I'm the one who decided to cover my head, and I'll decide when to take it off. I believe in an indulgent Islam, one that believes in forgiveness. I define religious extremism as not wanting to allow discussion. What I want is a democratic, balanced country where people have values.

- Owner of a restaurant frequented by merchants in the Medina, the Tunis old-quarter markets. Employs six people:

I'm an Islamic. But I'm against extremism. Islam means moderation in everything. What we need now is security. The laws should be changed so that they can cut off the hands of thieves.

It's a good thing that the army didn't shoot the people but this revolution isn't working. Things have gotten out of hand and they shouldn't have let that happen. People aren't going to work and there are thieves everywhere. The garbage workers are on strike and the rubbish is piling up. Everyone should be working hard now, but they're not.

I want three things:; security, order, everyone going to work. The old regime people are still running the government, business and industry.

God protects our country, but it could be better. It's not really our country. The economy is very iffy—we have industry, even hi-tech, phosphate mines and agriculture, but things could go better. A new president means nothing. Belgium has gone without a government for a year and nobody cares. But we do need police and security.

When I'm at work I should be able to concentrate on business without worrying about my wife at home and my kids on the street. What I want to see is a country without iron bars. The day I no longer see iron bars on all the doors and windows is the day we'll have law.

We fathers need more support as heads of the family. We need child subsidy payments so we can have more kids. And I want to pay less taxes and utility fees. In France, if you make minimum wage and spend it all on meat, you could buy 100 kilos. Here it would be only 15 kilos. And we pay relatively a lot more for health care than in France. Why is that?

- Young woman activist, Ben Arous:

When we had an International Women's Day demonstration on Bourguiba avenue on  March 8, the Islamics held a counter-demonstration. They didn't physically attack us, like they sometimes do to "immodest" women in the cafes, but they were very aggressive. They chanted, "Women go home!" That's their solution to unemployment: make all women quit their jobs and spend their lives taking care of their families. 

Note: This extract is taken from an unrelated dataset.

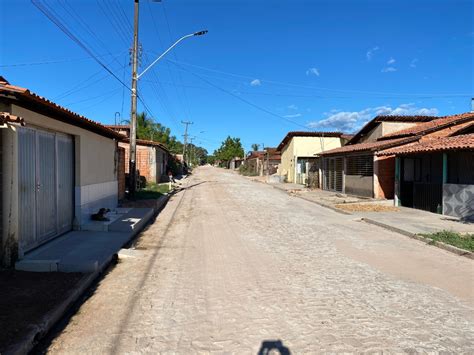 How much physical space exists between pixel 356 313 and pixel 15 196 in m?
5.64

There have always been Islamics among the workers and the union members, but now that the preachers can operate openly, more young workers are joining that movement, just like thousands and thousands are joining unions and political parties. That's what freedom means. I'm afraid of the old regime making a comeback and I'm afraid of the Islamics.

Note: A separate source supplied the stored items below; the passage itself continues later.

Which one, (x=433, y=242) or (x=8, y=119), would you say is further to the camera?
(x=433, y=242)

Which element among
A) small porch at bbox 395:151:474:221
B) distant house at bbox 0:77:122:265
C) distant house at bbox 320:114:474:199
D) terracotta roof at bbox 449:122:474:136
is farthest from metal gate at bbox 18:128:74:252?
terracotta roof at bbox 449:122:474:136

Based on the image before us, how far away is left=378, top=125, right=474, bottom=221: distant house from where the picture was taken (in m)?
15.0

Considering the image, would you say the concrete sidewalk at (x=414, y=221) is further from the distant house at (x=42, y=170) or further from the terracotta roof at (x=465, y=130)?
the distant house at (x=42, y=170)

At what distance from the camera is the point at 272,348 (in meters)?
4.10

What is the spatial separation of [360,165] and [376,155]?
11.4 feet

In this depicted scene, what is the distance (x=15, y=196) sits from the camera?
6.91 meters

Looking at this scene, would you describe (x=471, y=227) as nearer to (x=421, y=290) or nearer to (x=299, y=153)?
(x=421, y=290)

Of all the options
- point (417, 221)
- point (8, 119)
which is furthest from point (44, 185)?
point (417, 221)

- Teachers' union official, Ben Arous:

First we battled the dictatorship, now we're battling the fundamentalists. Since the revolution there's been a lot of Islamic agitation, especially among the youth. They didn't lift a finger during the revolution but at last night's meeting they demanded most of the seats in our Committee to Defend the Revolution. But I know that the government won't let them take over.

Where things stand no

On his way out the door on January 14, Ben Ali named his Prime Minister, Mohammed Ghannouchi, the new head of state. This was seen as a last act of tyranny on his part, since it went against the procedure established by the constitution.

Veteran and new activists organized Committees to Defend the Revolution at open mass meetings in cities and towns throughout the country. Students, youth and others from Tunis were joined by youth who came from the provincial cities in a giant sit-in in front of the government office complex called the Kasbah, on the other side of the Medina from Bourguiba avenue, to demand the dissolution of a government made up of the "living dead," Ben Ali's old ministers and notables. 

To appease the people and demonstrate that Tunisia would now be a state of law, the head of the National Assembly, Fouad Mebazzaa, became president as prescribed by the constitution. Mebazzaa turned around and appointed Ghannouchi his prime minister.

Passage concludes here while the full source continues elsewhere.